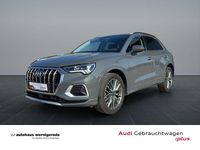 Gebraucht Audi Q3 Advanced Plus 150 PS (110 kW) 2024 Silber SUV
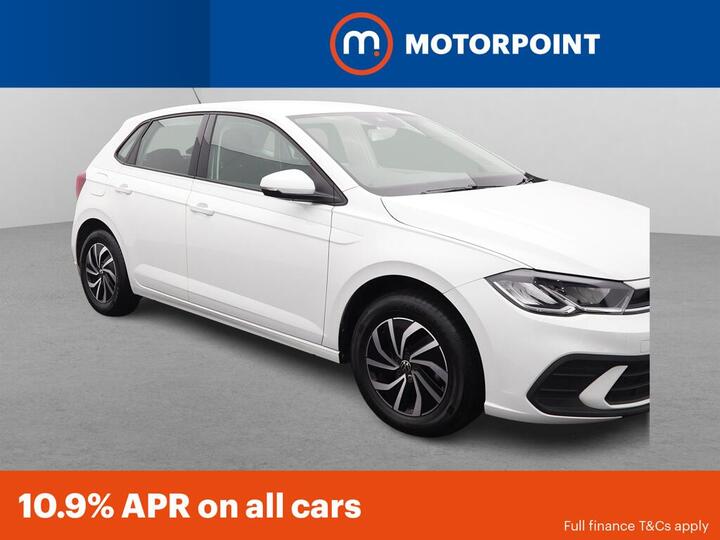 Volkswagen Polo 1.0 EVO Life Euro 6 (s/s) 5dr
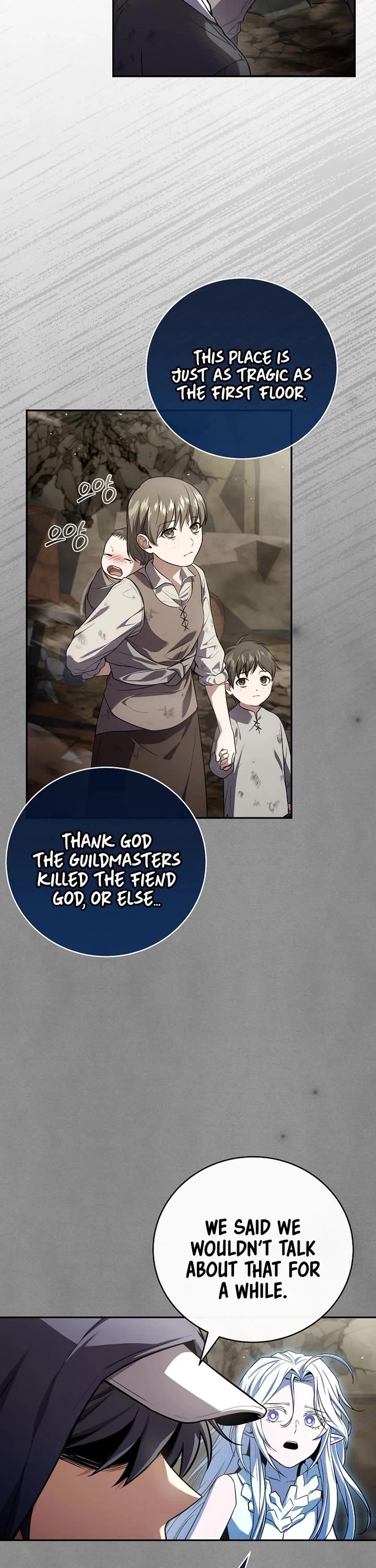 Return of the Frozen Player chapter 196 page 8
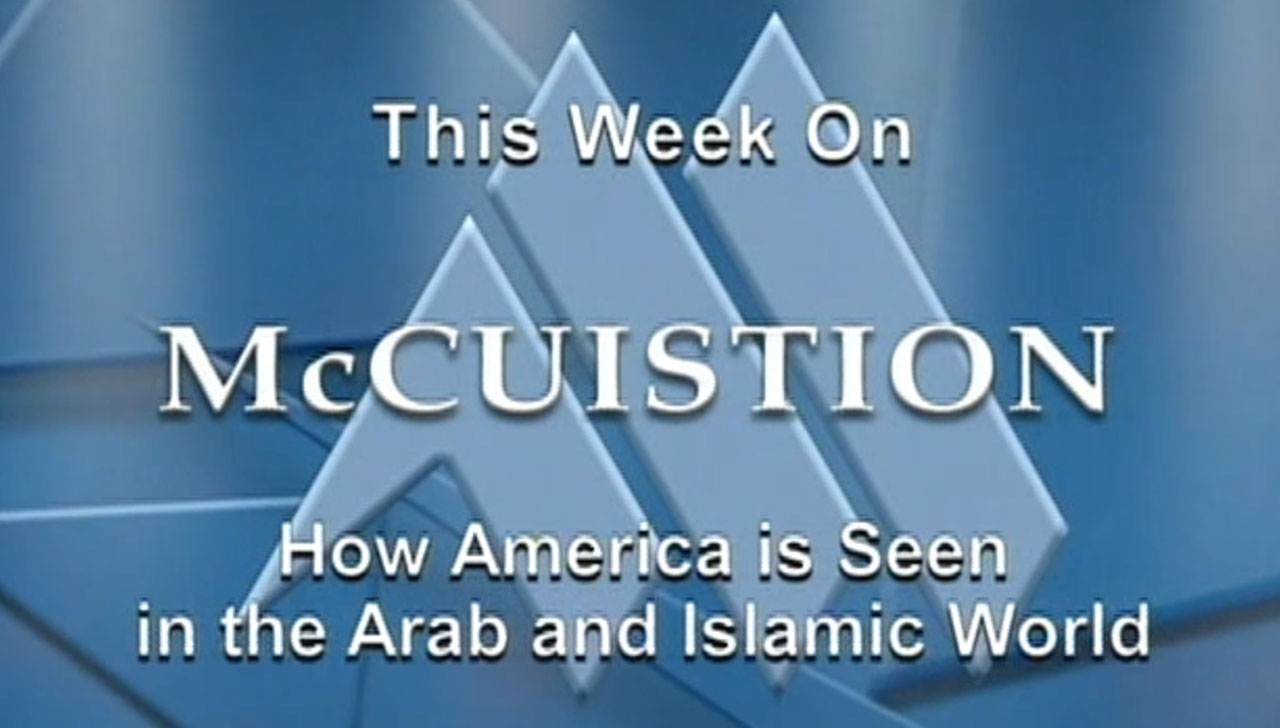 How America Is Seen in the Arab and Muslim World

▸ TASK ITEM
Give back the listing unchanged. Strip out the pictures.

▸ SOLUTION
 Gebraucht Audi Q3 Advanced Plus 150 PS (110 kW) 2024 Silber SUV
 Volkswagen Polo 1.0 EVO Life Euro 6 (s/s) 5dr
 Return of the Frozen Player chapter 196 page 8
 How America Is Seen in the Arab and Muslim World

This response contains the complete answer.